Reputation: 1702
I'm trying to write a script that will take CIK, report type and, optionally, as-of-date and return parsed financial report information from the SEC EDGAR public index.
The script mostly works and returns a dataframe of all values with description and a reference year parsed from the contextref attribute. There's unfortunately, quite a bit of variability in the form contextref takes for different tags, and so I wonder if there's a cleaner way to extract this information than using some logic and regular expressions as I currently am. I checked the xbrl documentation, and it makes reference to a 'period' element, but I don't see it when I check tag.attrs
. Wondering if there's a more straightforward way of extracting this info aside from some wonky regex.
Happy to provide examples of the more problematic contextref values if it's instructive.
Relevant portion of the code below:
import pandas as pd
from bs4 import BeautifulSoup
from requests import get
link = 'https://www.sec.gov/Archives/edgar/data/789019/000156459018019062/msft-20180630.xml'
r = get(link)
str = r.text
soup = BeautifulSoup(str, 'lxml')
tags = soup.find_all()
df = pd.DataFrame(columns=['field','period','value'])
for tag in tags:
if ('us-gaap:' in tag.name # only want gaap-related tags
and tag.text.isdigit()): # only want values, no commentary
#a = re.match("^C_"+ re.escape(cik) + "_[0-9]", tag['contextref'])

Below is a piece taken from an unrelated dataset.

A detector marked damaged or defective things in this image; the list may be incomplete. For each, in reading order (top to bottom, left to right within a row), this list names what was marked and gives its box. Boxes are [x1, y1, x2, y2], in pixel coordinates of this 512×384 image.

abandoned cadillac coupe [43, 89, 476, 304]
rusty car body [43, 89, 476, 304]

name = tag.name.split('gaap:')[1]
cref = tag['contextref'][-8:-4]
value = tag.text
df = df.append({'field': name, 'period': cref, 'value': value}, ignore_index=True)
print(df)
Upvotes: 0
Views: 1733
Reputation: 993
I'm afraid that your approach is fundamentally flawed. The value of the contextRef attribute is an arbitrary identifier that references a context element elsewhere in the document. Whilst the example you're looking at may contain a year in it, these identifiers could be anything (e.g. c1, c2, c3, etc.) In order to obtain the year, you need to dereference the context identified by the contextRef attribute, and look at the elements within the <period>
element, e.g.
<xbrli:context id="c1">
<xbrli:entity>
<xbrli:identifier scheme="http://www.example.com/1234">1234</xbrli:identifier>
</xbrli:entity>
<xbrli:period>
<xbrli:startDate>2018-01-01</xbrli:startDate>
<xbrli:endDate>2018-12-31</xbrli:endDate>
</xbrli:period>
</xbrl:context>
Further, the us-gaap:
part of the element name is a namespace prefix. XML documents may legitimately use other prefixes to refer to the same namespace. What matters is the namespace that the prefix is bound to, via the xmlns:us-gaap="..."
declaration, usually on the root element. You should use a namespace-aware XML parser. I don't think that beautifulsoup is properly namespace-aware.
I believe that the SEC system does restrict filers to using "recommended" namespace prefixes, so you might get away with this approach on SEC documents, but I would strongly recommend using an XBRL processor which will take care of namespaces, dereferencing contexts and many other issues associated with consuming XBRL. Arelle is an open source XBRL processor, but there are many others available.
Using an XBRL Processor will also give you access to information such as human-readable labels from the taxonomy.
Upvotes: 2